The proxy idea is to review what investors in pipeline stocks
expect to earn. The FERC has gone to a method that is sort of
front-weighted, which places more weight on recent earnings than
long-term earnings because everyone's more anxious to earn money
these days.
Number 0181
MR. LOEFFLER maintained that selection of the proxy group is not
a science: there's a lot of argument that goes into how you do
it. Appendix [C] is a list of about 60 cases, which highlights
that the rate of return on equity has ranged from 12.38 percent
to 14 percent. Mr. Loeffler said he expected there could be
some point of contention between the state and any pipeline
project regarding what is considered the appropriate rate of
return on equity. He pointed out that in the early 1980s, when
the Alaska gas pipeline last made its way through the FERC, it
created an incentive rate of return mechanism to try [to]
control costs. The center point of that was a 17.5 percent rate
of return on equity. However, that was during a time when all
returns were at [a] historic high; long-term U.S. government
bonds were at 15 or 16.25 percent. Although that's not today's
environment, it's one reference point that he was sure someone
will mention. He recalled that in the TAPS rate case, there
were many arguments that it was the "first of it's kind, cold
and dark, it deserved a particular sort of return." Mr.
Loeffler said that when FERC analyzes the risk, it looks at
various types of risk such as the risk during the construction
period, the operating period, and the financial risk relating to
capital structure. The aforementioned is reviewed in order to
determine the right number for the risk. Whether the project is
[project] financed or financed off the balance sheet is
important when determining the correct rate of return or the
overall return on capital for a pipeline. Mr. Loeffler
explained that project finance means that it's essentially the
earnings from the pipeline that will support the debt. Project
financing is very common in real estate as well as in pipeline
projects.
Number 0216
MR. LOEFFLER explained that typically a project-financed
pipeline will borrow 70-80 percent of the cost of a project.

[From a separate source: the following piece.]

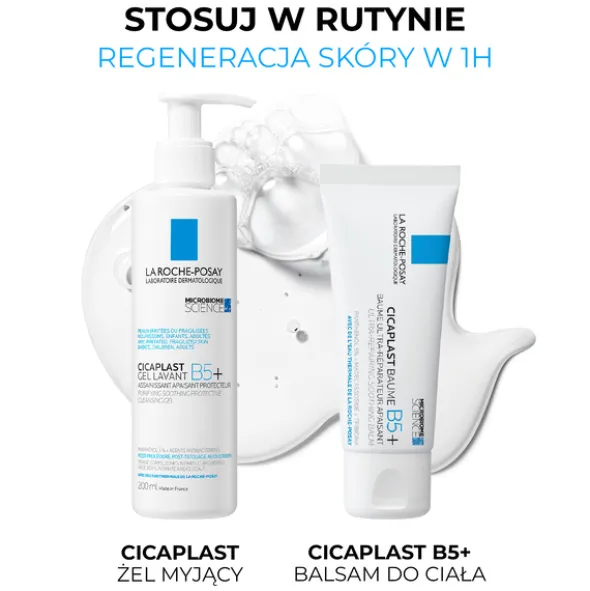 La Roche-Posay Cicaplast Gel Lavant B5+, żel myjący do delikatnej i podrażnionej skóry, 200 ml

The last time the gas pipeline went through, it was a "75
percent debt:25 percent equity" structure, he noted. He related
that debt almost always costs less than equity. Therefore, if
one has a lot of debt in the capital structure, the amount of
the return that is assigned to debt is large and the overall
amount of the return is less. On the other hand, if one has a
huge amount of equity, it receives a higher rate of return,
which "tends to drive up a pipeline." In reviewing pipelines
that weren't project financed recently, one finds capital
structures in the industry of 50 or 60 percent equity, which
isn't atypically. However, in reviewing project finance, one
finds much less. Although there's no universal rule as to
what's acceptable, it makes a big difference in the return
element. Therefore, a critical decision to ask is, how will
these projects be financed: project financed with a lot debt;
or financed on a recourse basis with a lot of equity?
Number 0243
MR. LOEFFLER addressed the question regarding how FERC decides
whether a capital structure is appropriate, that is whether it
has too much debt or too much equity. Basically, FERC reviews
how the project was actually financed. [If the project was]

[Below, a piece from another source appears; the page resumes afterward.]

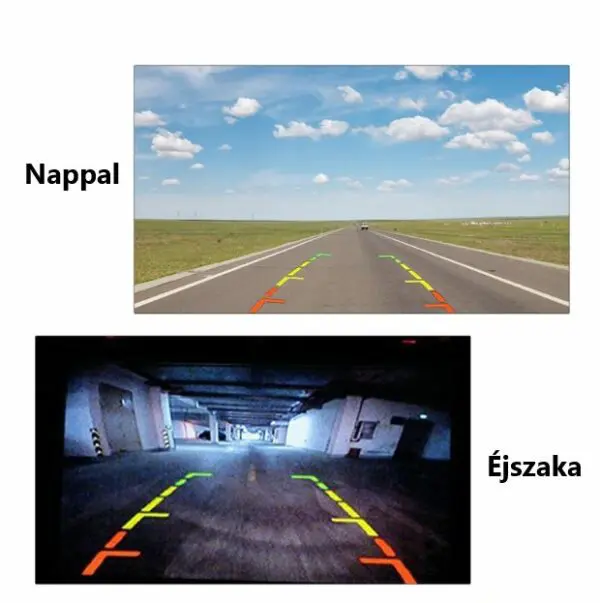 Strapabíró fémházas éjjellátó vízálló tolatókamera 12V/24V - Image 7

financed, hypothetically, at the parent company level, as
opposed to the pipeline company level, then FERC will say maybe
it's the parent company's capital structure that should be used.

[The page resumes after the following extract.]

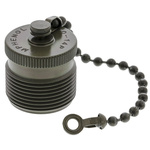 Amphenol 97 MIL-DTL-5015 Socket Dust Cap, Shell Size 22 IP66 Rated, with Olive Drab Cadmium Finish, Aluminium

However, FERC reviews whether the debt was reasonable. He noted
that FERC prefers actual as opposed to hypothetical capital
structures. With a hypothetical [capital structures], "it would
have to construct what it thinks the world should be as
[opposed] to what it is." Although FERC does this sometimes,
it's rare. Now, when you actually go through the math, which
this does, it's sort of interesting because what I did was take
a hypothetical pipeline - million-dollar pipeline - and I have
three cases.
MR. LOEFFLER directed attention to a comparison chart, which
utilizes three cases for a hypothetical pipeline. The project-
financed pipeline is three-quarters debt with lots of money
borrowed from the bank. For the equity-rich pipeline he
proposed that it's a very large, worldwide oil company worth a
lot of money and with very little debt. He also proposed
hypothetically that two of the three companies on the North
Slope are in this position of being an equity-rich pipeline with
only 10-20 percent debt. He explained that he assigned the
project-financed project slightly different equity numbers
because the FERC tends to look at such a project as riskier than
[an equity-rich pipeline project] with the equity of a very rich
company behind it. He explained that [the chart] uses the same
cost of debt. Therefore, the return, which goes into the rate
with the costs and depreciation, before accounting for interest
on the project-financed pipeline, is $95,000. However, the
[return for] the middle of the road pipeline is "about [$]105
and [$]104." Still, one has to deduct, from that return
element, all the money necessary to pay for the bonds.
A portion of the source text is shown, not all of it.